Task to carry out: The expected output is the line with "this 640×853 image." plus all lines after it to the end of the material below, reproduced exactly, with pictures omitted and nothing else included.

···

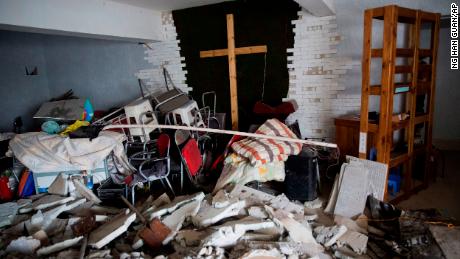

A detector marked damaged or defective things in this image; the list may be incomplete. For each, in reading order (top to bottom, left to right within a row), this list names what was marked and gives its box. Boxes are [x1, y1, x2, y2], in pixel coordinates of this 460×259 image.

broken concrete [47, 174, 69, 196]
broken concrete [73, 179, 101, 205]
broken concrete [5, 237, 41, 255]
broken concrete [36, 237, 83, 256]
broken concrete [89, 209, 137, 250]
broken concrete [314, 225, 346, 248]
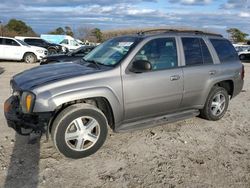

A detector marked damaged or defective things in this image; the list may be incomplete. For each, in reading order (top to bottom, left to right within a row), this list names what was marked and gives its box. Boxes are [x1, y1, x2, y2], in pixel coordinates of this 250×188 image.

damaged front bumper [4, 96, 51, 136]
cracked bumper cover [4, 97, 51, 135]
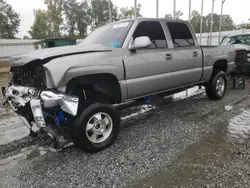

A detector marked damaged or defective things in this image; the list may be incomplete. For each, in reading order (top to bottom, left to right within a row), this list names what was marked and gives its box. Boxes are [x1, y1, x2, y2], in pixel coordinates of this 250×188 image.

damaged front end [5, 85, 79, 150]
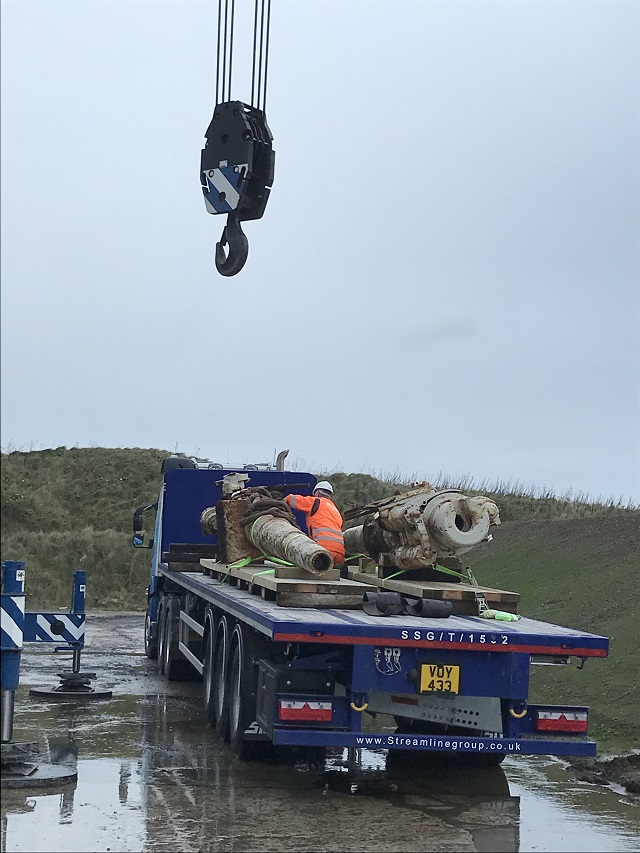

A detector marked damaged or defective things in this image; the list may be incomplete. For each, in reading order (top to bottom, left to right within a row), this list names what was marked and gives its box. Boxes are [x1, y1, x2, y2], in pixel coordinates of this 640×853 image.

rusted metal component [245, 516, 336, 576]
corroded artillery gun [344, 482, 500, 568]
rusted metal component [344, 482, 500, 568]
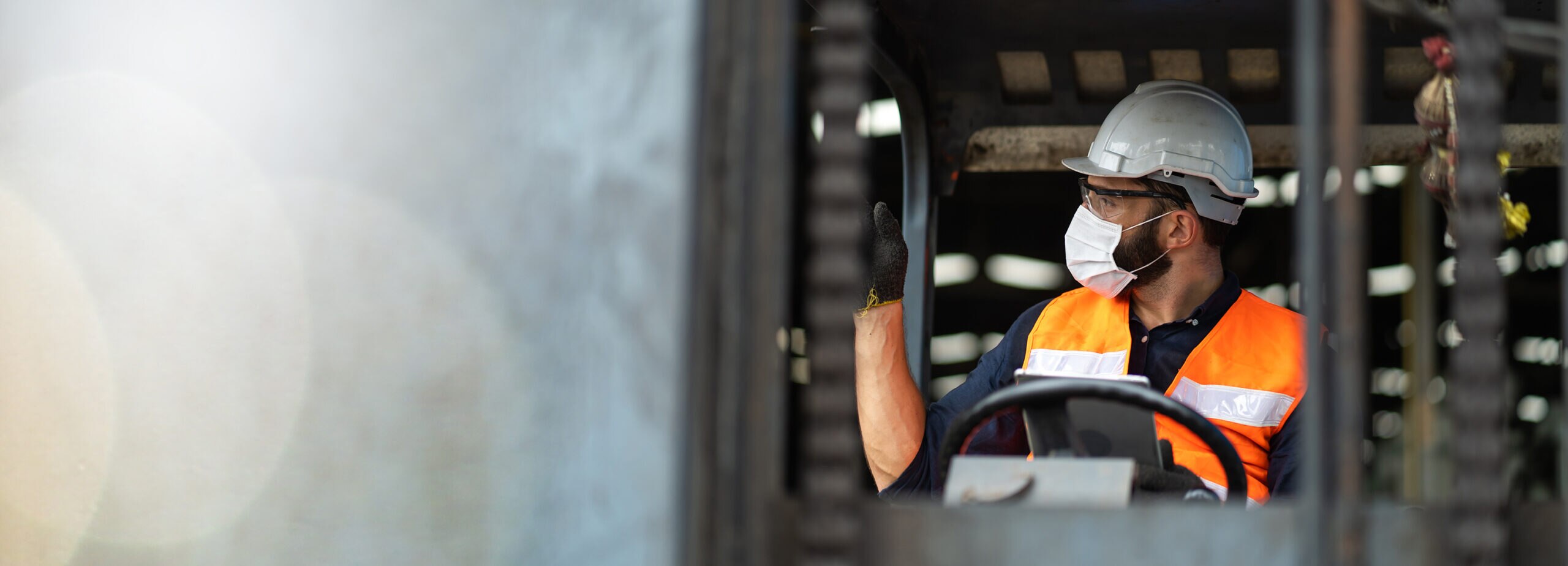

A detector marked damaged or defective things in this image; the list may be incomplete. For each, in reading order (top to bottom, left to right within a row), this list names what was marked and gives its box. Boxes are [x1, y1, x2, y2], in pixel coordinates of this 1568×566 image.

rusty metal surface [959, 121, 1561, 170]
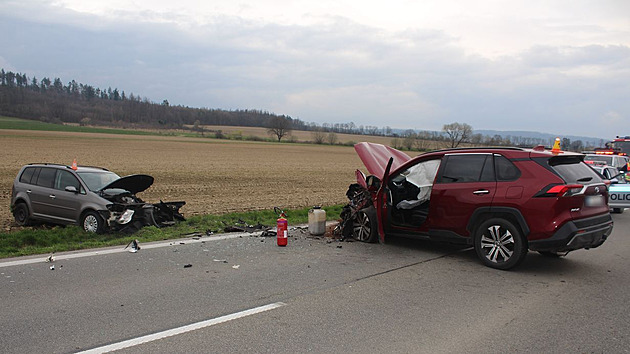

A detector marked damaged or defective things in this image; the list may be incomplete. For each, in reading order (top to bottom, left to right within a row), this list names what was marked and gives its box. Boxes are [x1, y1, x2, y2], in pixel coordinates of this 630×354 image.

shattered windshield [77, 171, 121, 191]
damaged front bumper [102, 202, 186, 232]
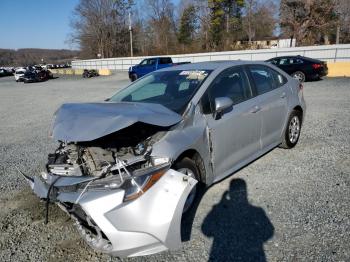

···

Output:
A detector marked damaged or defective things in this image; the list may be incomplete. For each, in reading order (top to bottom, left to right within a row), this list names what was marked and gives its box. Boxes are [x1, y1, x2, y2], in pixel coordinates of this 640×853 image.

rusted metal component [245, 516, 336, 576]
corroded artillery gun [344, 482, 500, 568]
rusted metal component [344, 482, 500, 568]

A detector marked damaged or defective things in this image; the list may be incomplete. For each, in reading order (top to bottom, left to right within a row), this list names what was marked and gives its box. Boxes are [x1, y1, x2, y2], in pixel coordinates of this 1568×566 image.

rusty metal surface [959, 121, 1561, 170]

A detector marked damaged or defective things in this image; the list may be incomplete. For each, in reading order (top to bottom, left to right within a row), this list names what was marked and gives its box. Boxes are [x1, y1, x2, y2], in pixel coordinates of this 630×354 image.

shattered windshield [77, 171, 121, 191]
damaged front bumper [102, 202, 186, 232]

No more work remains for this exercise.